Problems With NFL All-Pro Voting

For the last month, I've been writing about Super Bowl quarterbacks (and related subjects), but I wanted to respond to Chase Stuart's critique of the Associated Press All-Pro voting process.

I agree with Chase's premise (as I understand it) that the second-team All-Pro selections are often ridiculous, and that there is a better, more accurate, more fair way to choose those positions: "Simply naming the second vote getter (or third and fourth vote getters at positions with two starters) as the second-team All-Pro(s) invites significant abuses of the system." We see this almost every year, where there's a ridiculous vote at a near-unanimous position so that the writer's favorite player can be an All-Pro.

Chase is a smart guy, and he and I share an interest in getting these things "right" and honoring the most deserving players. Many of his criticisms are on-point, including one I'm jealous I didn't think of first. But there are also several instances where I disagree with him, and I hope to explain why. Chase organized his article by position, so I'll do the same, going through each one, highlighting instances where he and I see eye-to-eye, and the few where we don't. As a point of reference, here's a link to my own 2013 All-Pro Team.

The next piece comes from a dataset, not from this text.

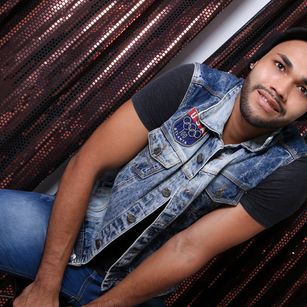 Model - Anthony Steele gay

Quarterback — Peyton Manning, Denver, 50

Okay, maybe we don't need to address every position.

Running Back — LeSean McCoy, Philadelphia, 48; Jamaal Charles, Kansas City, 47; Adrian Peterson, Minnesota, 1; Eddie Lacy, Green Bay, 1

Most people seem to agree that Matt Forte had the best season outside of Charles and McCoy, but the AP All-Pro Team suggests that Adrian Peterson and Eddie Lacy were the third- and fourth-best RBs in the NFL last season. All it took was a single voter getting away from the obvious to grant Peterson and Lacy Second-Team All-Pro status. This is a perfect illustration of Chase's point.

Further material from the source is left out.